Vous aurez compris que ce préambule vise à vous informer que nous nous trouvons dans une cruelle incertitude en ce qui concerne l’avenir des Cahiers de la SQRM, une revue québécoise existant sous cette forme depuis 1997 (le premier numéro, le vol. 1, nos 1-2, a été publié en décembre de cette année-là) et qui prenait la relève des Cahiers de l’Association pour l’avancement de la recherche en musique du Québec (ARMuQ) (1983-1996). L’association éponyme a été fondée en 1980 (lire un historique de cette association, vue de l’intérieur, par Louise Bail dans le vol. 8, no 2 des Cahiers). De nombreux chercheurs maintenant bien établis ont fait paraître dans les livraisons successives des Cahiers le résultat de leurs recherches. La liste des abonnés actuels à la revue inclut la grande majorité des établissements d’enseignement supérieur et des bibliothèques du Québec et du Canada, et de nombreux autres à l’étranger, notamment en France, mais aussi en Espagne, en Italie, en Grande-Bretagne et aux États-Unis. C’est dire que la disparition de cette revue créerait un vide important dans le milieu musical, et pas seulement dans l’historiographie québécoise. La diffusion sur la plateforme Érudit assure aux textes parus depuis décembre 2008 (vol. 10, no 1) une large diffusion et on nous lit dans plusieurs pays. L’occasion est donc bonne de remercier le FRQSC et le consortium Érudit pour leur soutien passé, qui a permis un tel développement des Cahiers de la SQRM et de notre lectorat.

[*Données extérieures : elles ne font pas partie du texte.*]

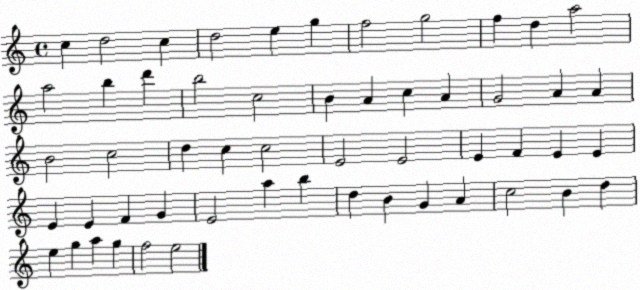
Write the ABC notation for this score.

X:1
T:Untitled
M:4/4
L:1/4
K:C
c d2 c d2 e g f2 g2 f d a2 a2 b d' b2 c2 B A c A G2 A A B2 c2 d c c2 E2 E2 E F E E E E F G E2 a b d B G A c2 B d e g a g f2 e2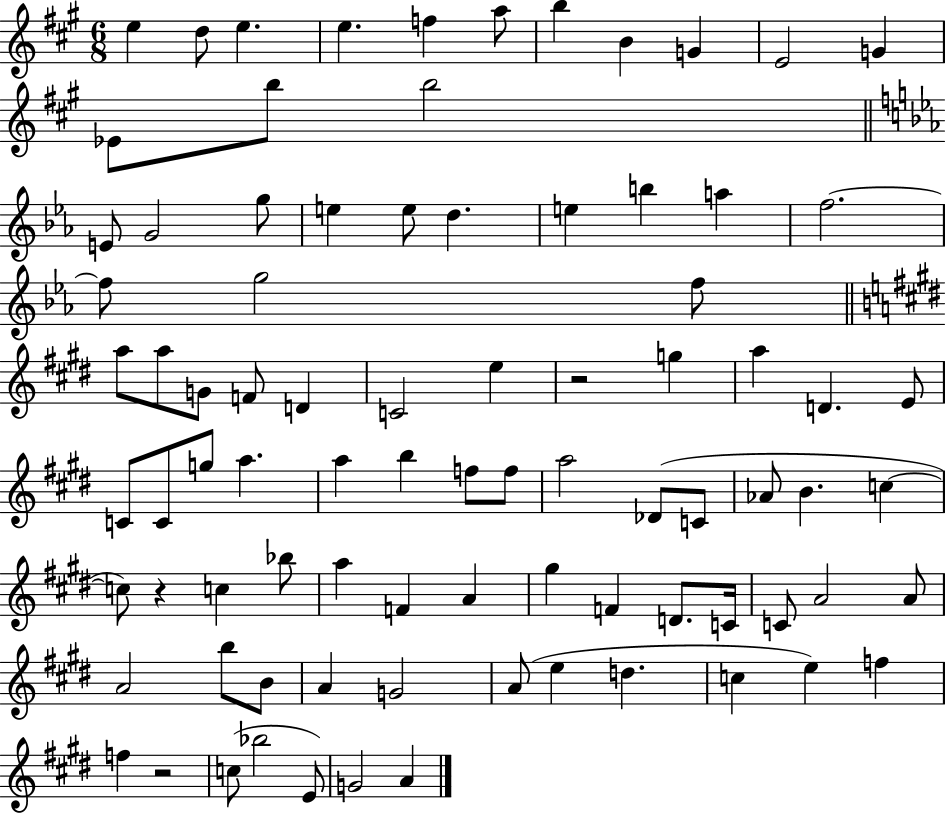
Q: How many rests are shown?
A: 3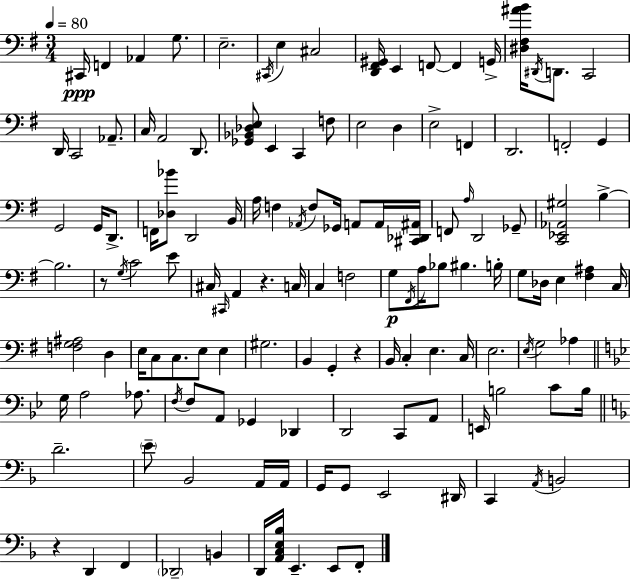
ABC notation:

X:1
T:Untitled
M:3/4
L:1/4
K:G
^C,,/4 F,, _A,, G,/2 E,2 ^C,,/4 E, ^C,2 [D,,^F,,^G,,]/4 E,, F,,/2 F,, G,,/4 [^D,^F,^AB]/4 ^D,,/4 D,,/2 C,,2 D,,/4 C,,2 _A,,/2 C,/4 A,,2 D,,/2 [_G,,_B,,_D,E,]/2 E,, C,, F,/2 E,2 D, E,2 F,, D,,2 F,,2 G,, G,,2 G,,/4 D,,/2 F,,/4 [_D,_B]/2 D,,2 B,,/4 A,/4 F, _A,,/4 F,/2 _G,,/4 A,,/2 A,,/4 [^C,,_D,,^A,,]/4 F,,/2 A,/4 D,,2 _G,,/2 [C,,_E,,_A,,^G,]2 B, B,2 z/2 G,/4 C2 E/2 ^C,/4 ^C,,/4 A,, z C,/4 C, F,2 G,/2 ^F,,/4 A,/4 _B,/2 ^B, B,/4 G,/2 _D,/4 E, [^F,^A,] C,/4 [F,G,^A,]2 D, E,/4 C,/2 C,/2 E,/2 E, ^G,2 B,, G,, z B,,/4 C, E, C,/4 E,2 E,/4 G,2 _A, G,/4 A,2 _A,/2 F,/4 F,/2 A,,/2 _G,, _D,, D,,2 C,,/2 A,,/2 E,,/4 B,2 C/2 B,/4 D2 E/2 _B,,2 A,,/4 A,,/4 G,,/4 G,,/2 E,,2 ^D,,/4 C,, A,,/4 B,,2 z D,, F,, _D,,2 B,, D,,/4 [A,,C,E,_B,]/4 E,, E,,/2 F,,/2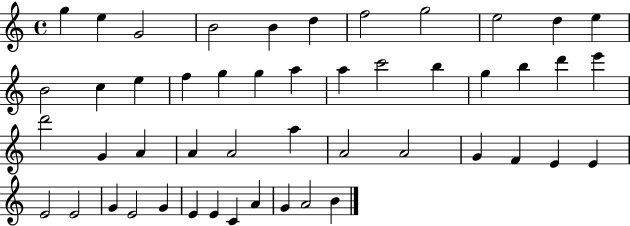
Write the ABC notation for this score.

X:1
T:Untitled
M:4/4
L:1/4
K:C
g e G2 B2 B d f2 g2 e2 d e B2 c e f g g a a c'2 b g b d' e' d'2 G A A A2 a A2 A2 G F E E E2 E2 G E2 G E E C A G A2 B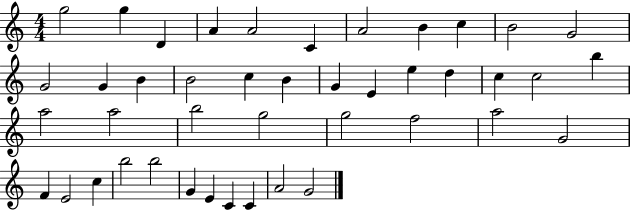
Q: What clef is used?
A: treble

Les difficultés présentes surviennent paradoxalement à un moment où nous avons plusieurs projets à l’agenda, et que le retard dans la production aurait pu vraisemblablement se résorber en un an ou deux. Voilà pourquoi j’en appelle à votre soutien : seuls des dons (adressés à la SQRM, avec une mention qu’ils sont expressément destinés aux Cahiers) permettront à la revue de survivre et à la présente équipe d’assurer une souple transition vers la suite des choses. Car voilà déjà six ans pleins que j’assume les fonctions de rédacteur en chef, et aussi plusieurs années que Julie Mireault est ma fidèle et dévouée acolyte. Nous devrons tous deux bientôt laisser la place à la relève, que nous souhaitons aussi enthousiaste que nous l’avons été. Nous comptons sur vous. N’hésitez pas à communiquer avec la Société québécoise de recherche en musique pour exprimer concrètement votre soutien (info@sqrm.qc.ca).

Mais pour l’heure, place à la joie de publier dans ce volume 18 no 2 des Cahiers de la SQRM six nouveaux articles, dont la moitié sont signés par de jeunes chercheurs, ainsi que deux recensions d’ouvrages mettant en valeur le dynamisme du milieu universitaire québécois, également proposées par des chercheurs de la relève. Les recherches qui ont nourri ces textes se situent à l’intersection de la musique et de sphères voisines : urbanisme, art public, histoire religieuse, théâtre, littérature, philosophie orientale et histoire sociale. D’où le titre donné à cette livraison : « À la croisée des chemins ». Claudia Schweitzer nous propose d’abord une incursion dans la tragédie lyrique du 17e siècle, et plus particulièrement du rôle qu’y tiennent les scènes de songe chez Lully (Atys, Armide) et Desmarets (Circé). Cette recherche met en valeur la démarche des librettistes tout comme les compositeurs, de même que des traditions bien établies sur les plans littéraire, dramatique et musical. Le musicologue québécois Paul Cadrin nous fait ensuite partager son intérêt pour un événement musical insolite : un concert de musique religieuse présenté à l’occasion du départ de Montréal, en 1868, du premier régiment des zouaves pontificaux, ces volontaires appelés à prêter main-forte au pape Pie ix et à l’État pontifical, qu’on disait menacé par les partisans de l’unité italienne. L’examen de la préparation et de la réception de ce concert solennel, comparable à ce que l’on pouvait présenter dans les grandes églises de France à la même époque, donne lieu à une incursion dans un territoire peu familier de l’histoire de la musique de la seconde moitié du 19e siècle, histoire à laquelle on s’intéresse trop peu. Le compositeur et musicologue Frank Pecquet, en s’appuyant sur un projet d’oeuvre sonore interactive de l’artiste James Murphy dans le métro de New York, s’attarde pour sa part aux notions relativement nouvelles que sont le design sonore et l’écologie sonore urbaine, tout en réfléchissant aux implications philosophiques que soulève l’intégration de technologies avancées à ce type de projet où l’utilisateur prend une part active à la création d’un écosystème sonore.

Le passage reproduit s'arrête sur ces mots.